Avrupa Komisyonu Başkanı Portekizli Jose Manuel Durao Barroso’nun danışmanı olan bir başka Portekizli Joao Marques de Almeida, Cuma günü yaptığı açıklamada ABD-AB ilişkilerinin genişletilmesi için en iyi çözümün Avrupa Birliği’nin (AB) NATO’ya katılması olduğunu söyledi.
Portekiz Ulusal Savunma Enstitüsü’nün Lizbon’da düzenlediği seminerde konuşan Almeida, “Bunun yapılması için güçlü siyasi gerekçeler var. Avrupa Birliği’nin NATO’ya katılması, Birleşmiş Milletler’e katılmasından daha önemlidir” dedi.
Bu projenin kısa vadede gerçekleşemeyeceğini belirten Almeida, öncelikli sorunun Türkiye’nin Kıbrıs’taki durumunu çözmek olduğunu söyledi.
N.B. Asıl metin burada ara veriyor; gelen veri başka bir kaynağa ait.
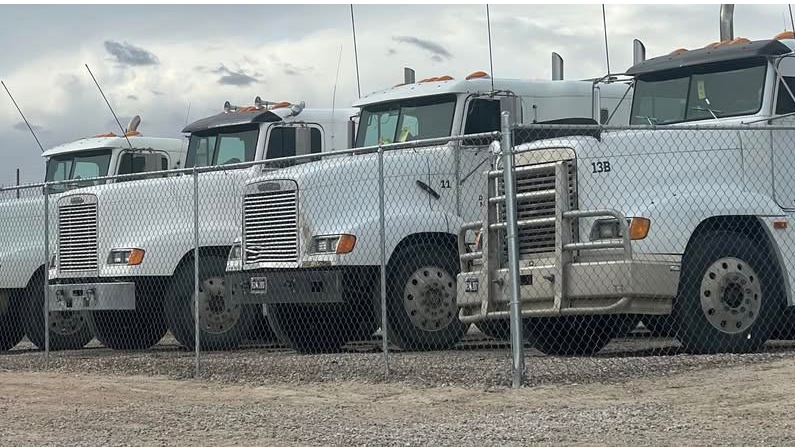 CA Backhoe Service LLC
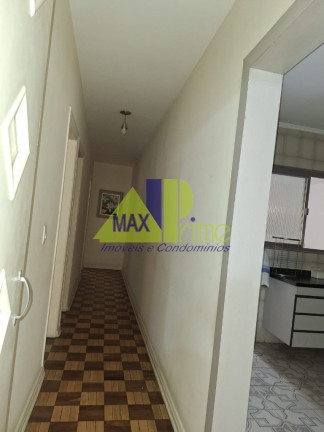 Imagem Sobrado com 3 Quartos à Venda, 195 m² em Vila Granada - São Paulo
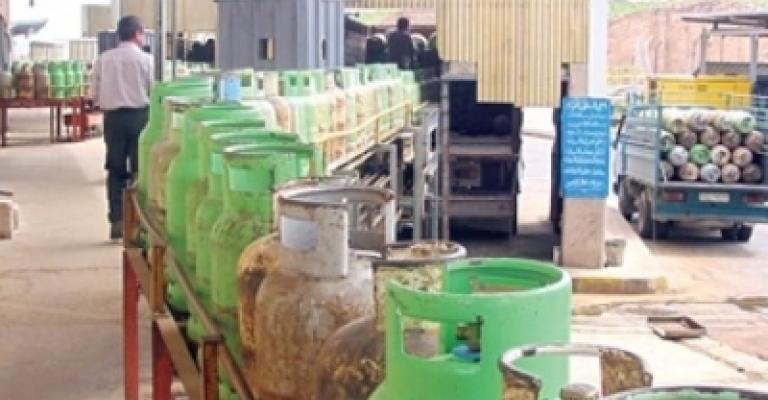 نقيب المحروقات: اسطوانة الغاز بـ 10 دنانير بعد الرفع - صوت نقيب المحروقات: اسطوانة الغاز بـ 10 دنانير بعد الرفع - صوت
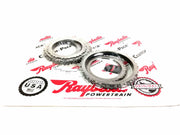 Steel Pack U340E U341E U341F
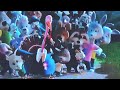 O GALINHO CHICKEN LITTLE 2005 PARTE 2 4 HD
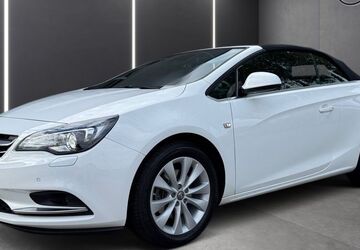 Opel Cascada 59.800 km 15.490 &euro; Friedrichshafen 88046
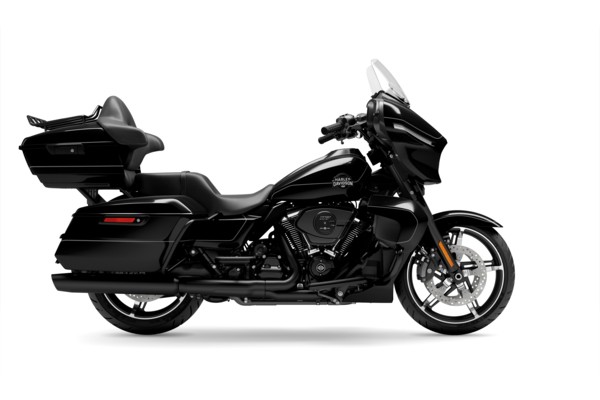 HARLEY-DAVIDSON - FLHXU Street Glide Ultra Vivid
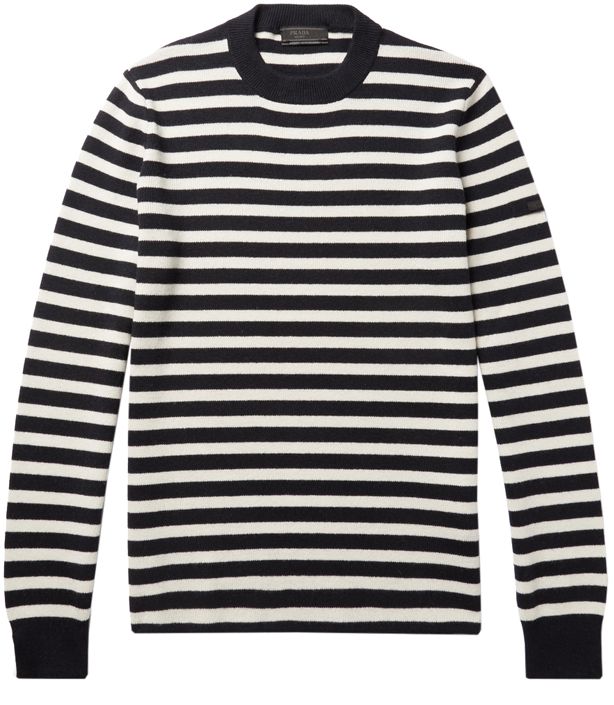 Actualizar 82+ imagen black and white striped sweater outfit - Abzlocal.mx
Türkiye’nin NATO’nun en büyük ikinci ordusuna sahip olduğuna dikkat çeken Almeida, Kıbrıs’ın AB üyesi olması nedeniyle Türkiye-AB arasında gerilim yaşandığını belirtti.
19-20 Kasım’da Lizbon’da NATO zirvesi düzenlenecek. Bu zirvede NATO şefi Anders Fogh Rasmussen’in Türkiye’ye “ilişkilerin genişletilmesi” teklifi yapacağı belirtiliyor. Rasmussen’in bu teklifinin, Türkiye’nin Avrupa Savunma Ajansı’na tam üye olarak alınmasının da önün açabileceği ifade ediliyor.
Avrupa Savunma Ajansı, Avrupa Birliği’nin ortak güvenlik ve savunma arayışı kapsamında oluşturulmuş Brüksel merkezli bir yapı. Bu yapı, üye ülkelerin silahlı kuvvetleri arasındaki işbirliğini artırmayı öngörüyor.
AB üyesi ülkelerden yalnızca Danimarka, Avrupa Savunma Ajansı’nda yer almıyor. Norveç ise oy kullanma hakkı olmaksızın toplantılara katılıyor. Türkiye’nin bu ajansa tam üye yapılması niyeti, AB’ye tam üye yapılmasından evvel Türkiye’yle askeri ilişkilerin geliştirilmesi arayışını ortaya koyuyor.
Avrupa Birliği’nde uzun yıllardır tartışılan bir konu, ortak ordu meselesi. Artık geniş bir ekonomik ve siyasi birliği temsil eden Avrupa Birliği, halen ortak bir dış politika oluşturamıyor, çünkü bunun için bir ortak orduya ihtiyaç duyuluyor.
AB’nin ortak orduya ve dış politikaya sahip bir uluslararası aktör olarak ortaya çıkması fikrini en fazla destekleyenler, birliğin kıta Avrupa’sındaki devleri Fransa ve Almanya. Bu iki ülke, bazı konularda ABD çizgisinden ayrışacak bir dış politika izleyebilmek ve bir diğer büyük güç olarak kendilerini ortaya koyabilmek arayışında olsalar da, AB’nin durumu buna bir türlü müsaade etmiyor.
Ortak ordusu olmayan AB, dış politikada yaşanılan sıkıntılarda NATO’ya sırtını dayamak zorunda. NATO ise ABD egemenliğinde. Zaten halihazırda AB üyelerinin büyük kısmı, ABD’nin Irak ve Afganistan işgallerine bilfiil destek vermekteler.
Ancak Avrupa Birliği’nin kendi ordusunu kurma planları da, birliğin yaşadığı krizler nedeniyle geri planda kaldı. Özellikle Irak işgali sonrasında çok gündemde tutulan ortak ordu projesi, birliğin AB Anayasası krizine sürüklenmesiyle birlikte zorunlu olarak rafa kaldırılmıştı. Birçok üye ülkenin halkları referandumlarda anayasayı reddedince, ülke siyasi bir krizin içine düşmüştü.
AB’yi daha kötü vuran ise, ekonomik kriz oldu. Almanya ve Fransa gibi merkez ülkeleri de vuran kriz, Yunanistan, İspanya, Portekiz, İrlanda gibi bazı çeper ülkeleri ise iflasın eşiğine getirdi.
Almanya ve Fransa’nın ABD karşısında AB’yi bir diğer güç olarak çıkarma projesine karşılık, Portekizli yetkililerin teklifi büyük anlam taşıyor. İngiltere, İtalya, İspanya, doğudaki yeni üyeler gibi ABD’ye yakın duran birlik üyelerinden Portekiz’in teklifi, AB’nin ABD çizgisiyle bütünleşmesi talebini içeriyor.